━━ RAW DATA ━━

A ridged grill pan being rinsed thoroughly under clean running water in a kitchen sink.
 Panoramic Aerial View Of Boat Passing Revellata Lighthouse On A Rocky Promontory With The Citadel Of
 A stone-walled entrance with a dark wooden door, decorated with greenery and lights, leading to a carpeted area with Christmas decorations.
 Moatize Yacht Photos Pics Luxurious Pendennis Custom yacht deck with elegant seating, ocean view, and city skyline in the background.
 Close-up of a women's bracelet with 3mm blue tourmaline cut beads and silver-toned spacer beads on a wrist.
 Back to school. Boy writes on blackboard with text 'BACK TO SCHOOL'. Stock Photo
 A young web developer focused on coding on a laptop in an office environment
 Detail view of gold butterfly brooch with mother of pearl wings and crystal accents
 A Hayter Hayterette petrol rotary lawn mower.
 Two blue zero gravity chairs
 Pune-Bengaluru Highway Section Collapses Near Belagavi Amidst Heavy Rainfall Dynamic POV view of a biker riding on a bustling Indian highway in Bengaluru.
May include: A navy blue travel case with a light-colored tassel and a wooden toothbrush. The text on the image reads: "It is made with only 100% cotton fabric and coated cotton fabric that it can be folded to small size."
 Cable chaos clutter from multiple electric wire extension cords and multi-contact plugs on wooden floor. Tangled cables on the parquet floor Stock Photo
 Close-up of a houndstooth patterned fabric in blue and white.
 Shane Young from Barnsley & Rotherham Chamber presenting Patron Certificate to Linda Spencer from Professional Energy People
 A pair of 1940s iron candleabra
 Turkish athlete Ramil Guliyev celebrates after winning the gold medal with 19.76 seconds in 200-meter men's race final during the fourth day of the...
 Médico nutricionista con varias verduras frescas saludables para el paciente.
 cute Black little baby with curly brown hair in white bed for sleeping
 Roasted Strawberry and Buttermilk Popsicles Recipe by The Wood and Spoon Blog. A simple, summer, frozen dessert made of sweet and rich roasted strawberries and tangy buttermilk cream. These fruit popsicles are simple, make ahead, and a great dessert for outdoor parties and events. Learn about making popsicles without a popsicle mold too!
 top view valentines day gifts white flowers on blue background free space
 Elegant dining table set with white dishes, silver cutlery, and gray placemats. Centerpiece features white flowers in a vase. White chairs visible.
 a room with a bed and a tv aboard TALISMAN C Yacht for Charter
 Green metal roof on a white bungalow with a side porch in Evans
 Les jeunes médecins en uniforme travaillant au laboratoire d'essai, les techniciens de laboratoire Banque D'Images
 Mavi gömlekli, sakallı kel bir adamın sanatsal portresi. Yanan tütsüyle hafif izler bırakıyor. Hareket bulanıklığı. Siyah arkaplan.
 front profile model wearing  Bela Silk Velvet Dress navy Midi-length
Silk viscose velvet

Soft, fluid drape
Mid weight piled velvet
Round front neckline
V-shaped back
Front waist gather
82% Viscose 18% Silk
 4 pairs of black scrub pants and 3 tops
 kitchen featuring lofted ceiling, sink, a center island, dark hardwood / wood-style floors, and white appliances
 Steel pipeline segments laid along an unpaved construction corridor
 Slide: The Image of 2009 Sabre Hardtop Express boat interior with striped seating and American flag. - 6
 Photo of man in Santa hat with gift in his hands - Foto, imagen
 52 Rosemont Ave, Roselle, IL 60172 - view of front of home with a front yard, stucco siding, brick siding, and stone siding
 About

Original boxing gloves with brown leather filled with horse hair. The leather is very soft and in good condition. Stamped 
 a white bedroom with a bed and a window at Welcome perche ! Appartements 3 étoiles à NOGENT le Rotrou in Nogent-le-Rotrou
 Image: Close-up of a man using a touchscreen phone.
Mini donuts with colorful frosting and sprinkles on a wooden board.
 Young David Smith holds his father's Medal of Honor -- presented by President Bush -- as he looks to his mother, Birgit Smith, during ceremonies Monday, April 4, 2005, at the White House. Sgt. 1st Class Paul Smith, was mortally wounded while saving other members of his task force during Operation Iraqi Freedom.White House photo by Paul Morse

━━━

▶ [YOUR ASSIGNMENT]
Each record above needs to be set down again, word for word.

▶ [TASK RESPONSE]
A ridged grill pan being rinsed thoroughly under clean running water in a kitchen sink.
 Panoramic Aerial View Of Boat Passing Revellata Lighthouse On A Rocky Promontory With The Citadel Of
 A stone-walled entrance with a dark wooden door, decorated with greenery and lights, leading to a carpeted area with Christmas decorations.
 Moatize Yacht Photos Pics Luxurious Pendennis Custom yacht deck with elegant seating, ocean view, and city skyline in the background.
 Close-up of a women's bracelet with 3mm blue tourmaline cut beads and silver-toned spacer beads on a wrist.
 Back to school. Boy writes on blackboard with text 'BACK TO SCHOOL'. Stock Photo
 A young web developer focused on coding on a laptop in an office environment
 Detail view of gold butterfly brooch with mother of pearl wings and crystal accents
 A Hayter Hayterette petrol rotary lawn mower.
 Two blue zero gravity chairs
 Pune-Bengaluru Highway Section Collapses Near Belagavi Amidst Heavy Rainfall Dynamic POV view of a biker riding on a bustling Indian highway in Bengaluru.
May include: A navy blue travel case with a light-colored tassel and a wooden toothbrush. The text on the image reads: "It is made with only 100% cotton fabric and coated cotton fabric that it can be folded to small size."
 Cable chaos clutter from multiple electric wire extension cords and multi-contact plugs on wooden floor. Tangled cables on the parquet floor Stock Photo
 Close-up of a houndstooth patterned fabric in blue and white.
 Shane Young from Barnsley & Rotherham Chamber presenting Patron Certificate to Linda Spencer from Professional Energy People
 A pair of 1940s iron candleabra
 Turkish athlete Ramil Guliyev celebrates after winning the gold medal with 19.76 seconds in 200-meter men's race final during the fourth day of the...
 Médico nutricionista con varias verduras frescas saludables para el paciente.
 cute Black little baby with curly brown hair in white bed for sleeping
 Roasted Strawberry and Buttermilk Popsicles Recipe by The Wood and Spoon Blog. A simple, summer, frozen dessert made of sweet and rich roasted strawberries and tangy buttermilk cream. These fruit popsicles are simple, make ahead, and a great dessert for outdoor parties and events. Learn about making popsicles without a popsicle mold too!
 top view valentines day gifts white flowers on blue background free space
 Elegant dining table set with white dishes, silver cutlery, and gray placemats. Centerpiece features white flowers in a vase. White chairs visible.
 a room with a bed and a tv aboard TALISMAN C Yacht for Charter
 Green metal roof on a white bungalow with a side porch in Evans
 Les jeunes médecins en uniforme travaillant au laboratoire d'essai, les techniciens de laboratoire Banque D'Images
 Mavi gömlekli, sakallı kel bir adamın sanatsal portresi. Yanan tütsüyle hafif izler bırakıyor. Hareket bulanıklığı. Siyah arkaplan.
 front profile model wearing  Bela Silk Velvet Dress navy Midi-length
Silk viscose velvet

Soft, fluid drape
Mid weight piled velvet
Round front neckline
V-shaped back
Front waist gather
82% Viscose 18% Silk
 4 pairs of black scrub pants and 3 tops
 kitchen featuring lofted ceiling, sink, a center island, dark hardwood / wood-style floors, and white appliances
 Steel pipeline segments laid along an unpaved construction corridor
 Slide: The Image of 2009 Sabre Hardtop Express boat interior with striped seating and American flag. - 6
 Photo of man in Santa hat with gift in his hands - Foto, imagen
 52 Rosemont Ave, Roselle, IL 60172 - view of front of home with a front yard, stucco siding, brick siding, and stone siding
 About

Original boxing gloves with brown leather filled with horse hair. The leather is very soft and in good condition. Stamped 
 a white bedroom with a bed and a window at Welcome perche ! Appartements 3 étoiles à NOGENT le Rotrou in Nogent-le-Rotrou
 Image: Close-up of a man using a touchscreen phone.
Mini donuts with colorful frosting and sprinkles on a wooden board.
 Young David Smith holds his father's Medal of Honor -- presented by President Bush -- as he looks to his mother, Birgit Smith, during ceremonies Monday, April 4, 2005, at the White House. Sgt. 1st Class Paul Smith, was mortally wounded while saving other members of his task force during Operation Iraqi Freedom.White House photo by Paul Morse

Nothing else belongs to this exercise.